# Alltagsnotebook gesucht mit "Gamingoption"



## Per4mance (11. Dezember 2011)

ich hab vor mir nen notebook zu kaufen das ich eins hab

es sollte eig alles können aber keine zockmaschine sein. ich werde vielleicht ganz selten drauf zocken aber das ist nicht das hauptaugenmerk. es sollte eher ne weile reichen und dem nicht nach 1 jar die puste ausgehen.

15.6" sollten wohl reichen weiss da nur nicht ob spiegelnd oder matt. 

wo ich mir nicht sicher  bin ist ob nen i5 2.gen oder nen i3. die cpu entscheidet auch die gpu. zb nen i3 mit ner 540m oder nen i5 mit ner 520m/6470.

ich weiss auch nicht auf was man sonst noch achten muss. z.b. akku, auflösung, gewicht fingerprintsensor oder solche fast boot tasten für web usw. 

ausgeben will ich so 500.- maximal bis 600.-

rausgesucht hab ich mir mal:


HP Pavilion g6-1206eg Notebook-PC - HP Store Deutschland
ASUS X53SC-SX483V: Tests, Technische Daten, Erfahrungsberichte / 90N8LI154N1848VL151
MSI A6405-i507 bei notebooksbilliger.de
Samsung RV520 S06 bei notebooksbilliger.de
Acer TravelMate 5760G-2414G50Mnsk bei notebooksbilliger.de

das problem ist ich kenn bei bei NB's nicht aus was die feinheiten und markenunterschiede betrifft. 

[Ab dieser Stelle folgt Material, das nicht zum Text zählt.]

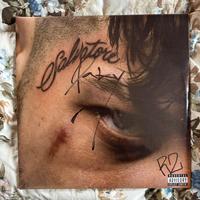 Vinile Salvatore Paky autografato sigillato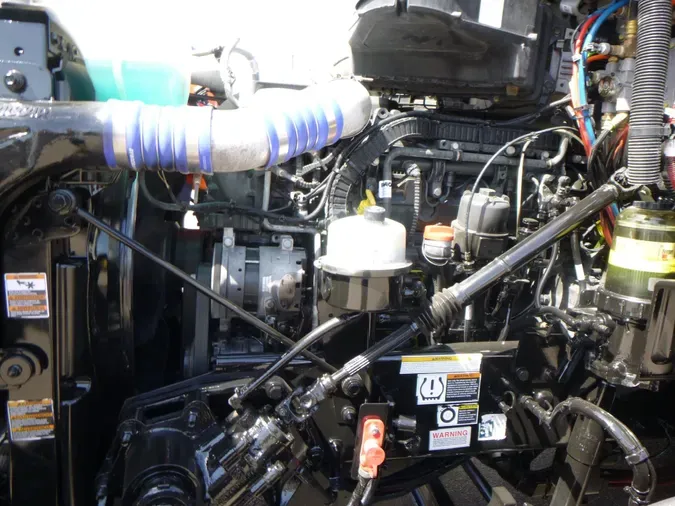 2021 Peterbilt 579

lenovo, fujitsu und packard bell will ich nicht  mag das image von denen nicht 

ich hoffe ihr könnt mir da weiterhelfen oder noch alternativen vorschlagen.


----------



## Skudlick (11. Dezember 2011)

Ich finde du fährst ganz gut wenn du auf folgende Sachen achtest:

i3 oder i5 (Spiele unterstützen eh nur Dual-Core zZ)
NVIDIA 540M
4-8gb Ram

Kenne jetzt keine gute Suchplattform für Notebooks aber so lang du dich etwas an die Specs hältst bekommst du auch ungefähr das was du für dein Geld suchst. Finde alles andere ist Geschmackssache.


----------



## joffal (11. Dezember 2011)

Ein Kumpel von mir hat sich das brandneue Acer Aspire 5755G für ~540€ zugelegt und noch für 20€ einen weiteren 4GB-RAM-RIegel.
Ausstattung:
i5 2430
GT540M
8GB RAM
WLAN
und der rest eben^^

EIgnet sich für nahezu ALLES sehr gut (bis auf Spiele in High eben) und QUalität/Verarbeitung soll auch sehr gut sein!

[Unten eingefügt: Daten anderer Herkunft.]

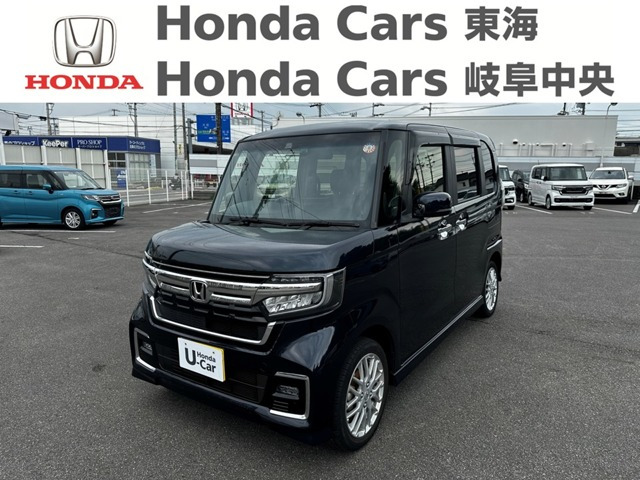 N-BOXカスタムEX ターボ 4WD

Wie es bei AMD-Karten aktuell aussieht weiß ich nicht, aber die NV GT540M beherrscht Optimus, welches die Akkulaufzeit z.T. deutlich steigert

Mattes Display empfehlen zwar viele, aber ich habe selber beide Varianten ausprobieren dürfen und wenn man nicht immer sehr schief vor einem spiegelnden Display sitzt, reicht das für die meisten ANwendungsorte vollkommen; Farben sind dort auch immer ein kontraststärker


----------



## Per4mance (12. Dezember 2011)

also an nen i5 2.gen und 4gb ram hab ich auch gedacht. bei den grakas war ich mir anfangs nicht sicher, es wird aber wohl ne 540m.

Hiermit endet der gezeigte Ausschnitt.